There's a lot more to dip pens than you might expect!


----------



## Charlie_W (May 2, 2020)

You can check out  thegoldennib.com
They have the Nib insert holder and a bunch of nibs.


----------



## duncsuss (May 2, 2020)

You might be better asking your question of calligraphers, not pen makers. If you are on Facebook, there are several groups dedicated to handwriting and calligraphy; there is a website http://www.zanerian.com/ devoted to penmanship, the webmaster is Dr Joe Vitolo (who is also active on Facebook). He is very generous with his knowledge and time, I'm sure that he'd give advice if you ask him.


----------



## Part Timer (May 2, 2020)

That is very helpful, thanks. And i am planning on turning pens as well. It is just that a few local friends made the request for some of the dip pens, and i am thinking  it would be a good start since they are wanting to buy local, and no one here seems to make them.


----------



## darrin1200 (May 3, 2020)

@Part Timer
There is no specific size that is the best, it’s more of a personal feel. The man I would consider my mentor in the calligraphy holders, is Christopher Yoke. He has a number of YouTube videos that are very educational. Here is a link to his reference page. There is a ton of information on it. https://www.yokepencompany.com/pages/links

You mention that your new to pen turning, but not if you are new to turning. If you are, be aware that your jumping in the deep end of spindle turning.Tturning a calligraphy holder is not as easy as it looks. The holders are anywhere from 7-12 inches long, and the tail is usually very thin. On average I make mine down to about 1/8”. It can be very tricky turning that thin, be very careful.
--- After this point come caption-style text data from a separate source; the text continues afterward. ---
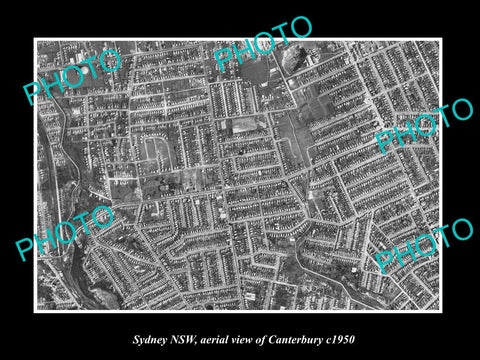 OLD LARGE HISTORIC PHOTO SYDNEY NEW SOUTH WALES, AERIAL VIEW OF CANTERBURY c1950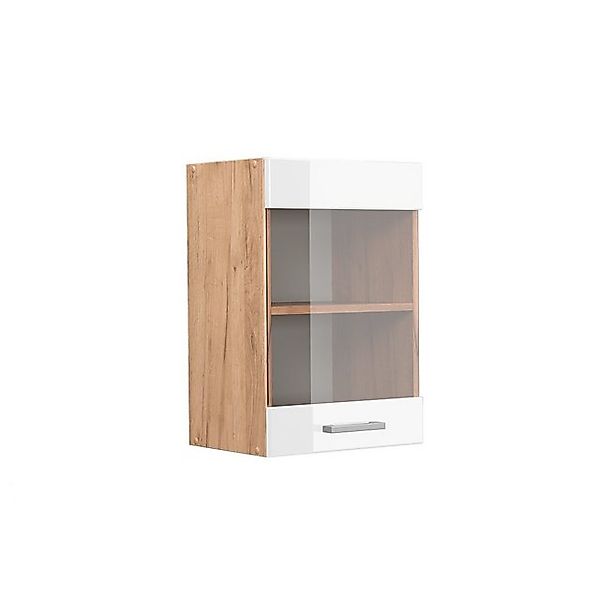 Vicco Küchenglasschrank R-Line Glashängeschrank Weiß Hochglanz/Goldkraft Ei günstig online kaufen
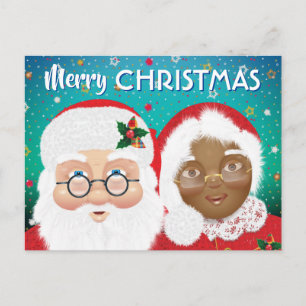 Santa and Mrs Claus Biracial Christmas Holiday Postcard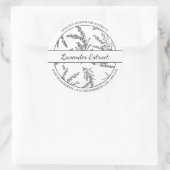 Etikett für Schwarz-Weiß-Sketch-Lavendel-Extract Runder Aufkleber (Tasche)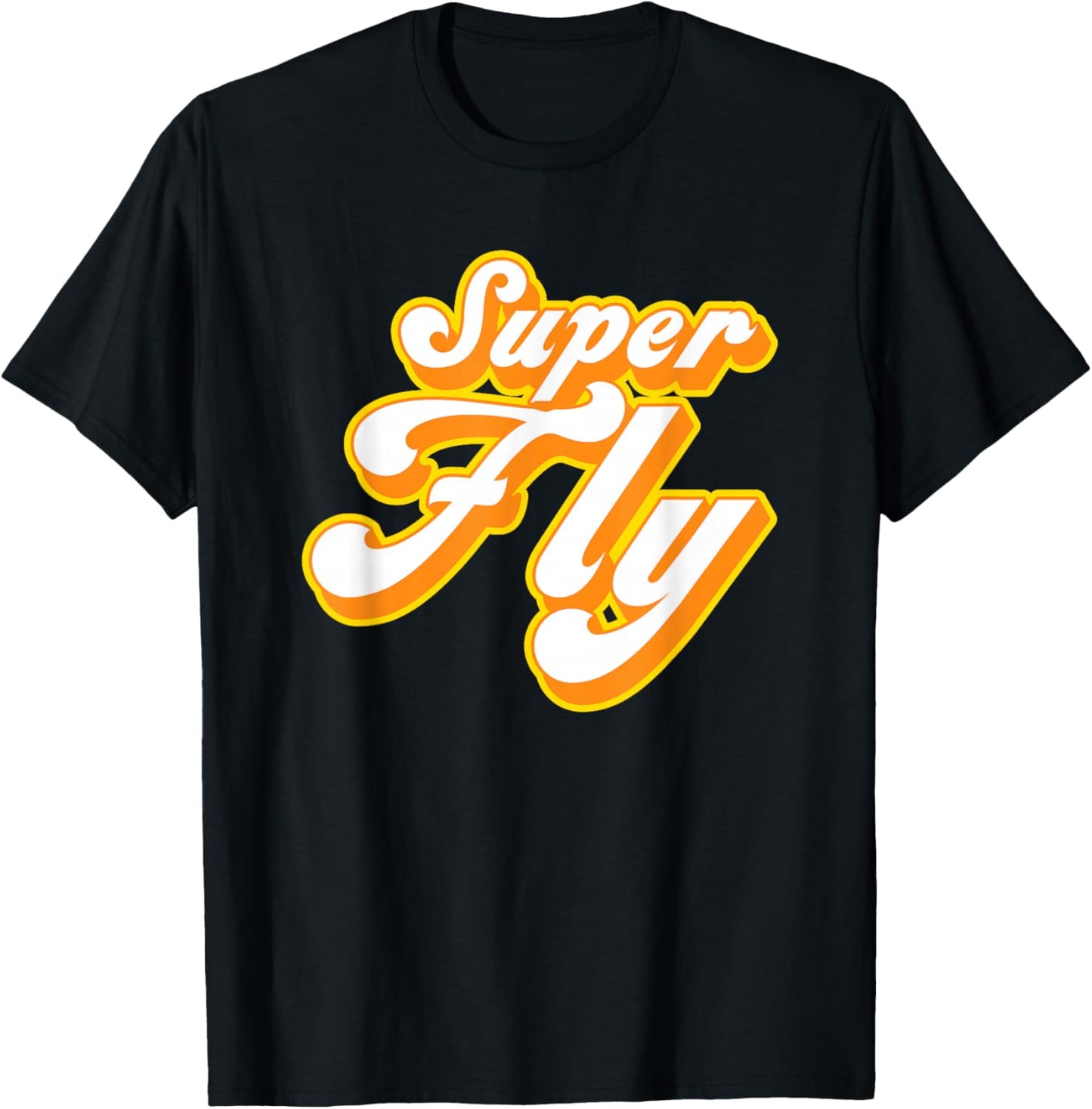 Groovy 1970s Super Fly T-Shirt - T-Shirt | Black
There are different ways to hold the blank. Christopher holds the blank in 4-jaw chuck, makes the holder, applies the finish, cuts it off then drills the hole on his drillpress. I predrill my blank, insert a 1” piece of 7mm tube then I use a homemade pin chuck to hold it.

There are multiple ways to skin a cat, and wait until you make your first oblique flange. 

Shoot me a message if you have any questions.

Edit: Here is a link to some comparative measurements of oblique holders. Straight holders have very similar dimensions. 


			https://cdn.shopify.com/s/files/1/0229/9449/files/Oblique_Comparison_Chart_-_Imperial.pdf?16221097889562223230


----------



## Part Timer (May 3, 2020)

Darrin1200, thanks for the info, it is very helpful. I am not novice about turning, but not what i would call experienced. 
  I have watched a number of videos, and yoke pens are great, and learning a great deal. In the videos,  it is clear that dip pens are going to be challenging to master, and many techniques to learn about. I really feel i am going to enjoy it, as pen turning has always interested me, but eluded me as well. Once again thanks for the info, truly helpful.


----------



## corgicoupe (Aug 15, 2020)

darrin1200 said:


> @Part Timer
> There is no specific size that is the best, it’s more of a personal feel. The man I would consider my mentor in the calligraphy holders, is Christopher Yoke. He has a number of YouTube videos that are very educational. Here is a link to his reference page. There is a ton of information on it. https://www.yokepencompany.com/pages/links
> 
> You mention that your new to pen turning, but not if you are new to turning. If you are, be aware that your jumping in the deep end of spindle turning.Tturning a calligraphy holder is not as easy as it looks. The holders are anywhere from 7-12 inches long, and the tail is usually very thin. On average I make mine down to about 1/8”. It can be very tricky turning that thin, be very careful.
> ...


Do you believe it is always necessary to make the dip pens so much longer than fountain pens?  If so, why?  I have only turned a half dozen, one of which is 7 1/2" long, but three are less than 6" and one is only 5".  All are comfortable in the hand.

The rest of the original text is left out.